When comparing harvest volumes or tax numbers between different parts of the Roman Empire it’s important to remember how hard it can be to get good comparisons. Rome lasted a long time and from one era to another the relative importance of different areas could change greatly from century to century. This could be due to climate change or tax policies or different divisions and of land and revenue between official state figures and private figures.
Another enormous variable was population.
Unlike the modern era it was quite common in that time for even prosperous agricultural regions to have fallow or poorly utilized land simply due to lack of labor to work it all. This can easily be seen in the way the Romans and others of the era went to great lengths to get and keep people in agriculturally productive areas; granting soldiers freeholds, acquiring vast numbers of slave laborers, accounts of crashes in harvests after regional epidemics - there often simply weren’t enough hands to go around and do all the work needed to get maximum productivity in all places at all times.

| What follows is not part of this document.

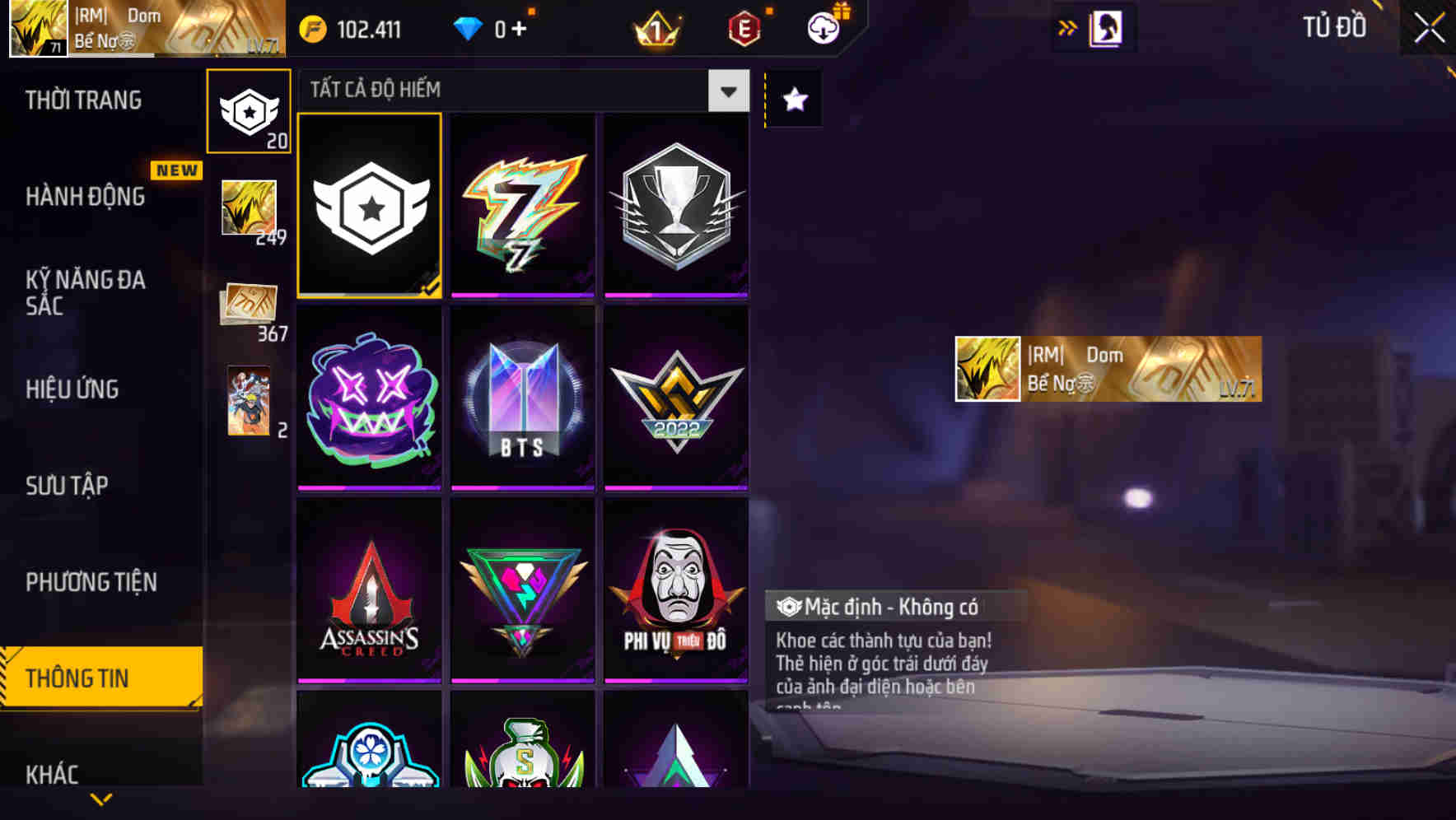 Thumbnail 165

This is before accounting for different weights or standards of coinage in different parts of the empire or at different times, and vastly different levels of administrative efficiency in different places. Part of what made Egypt so useful to the Romans was the way that agriculture there depended on a collective effort to maintain the irrigation and drainage systems to control the Nile floods. To do it efficiently ‘built in’ an oppprtunity for the central state to keep tabs on what was happening and efficiently collect taxes and grain surpluses. Many other areas might have had equally good harvests at times, but administratively would be more costly and difficult to efficiently collect grain and taxes from.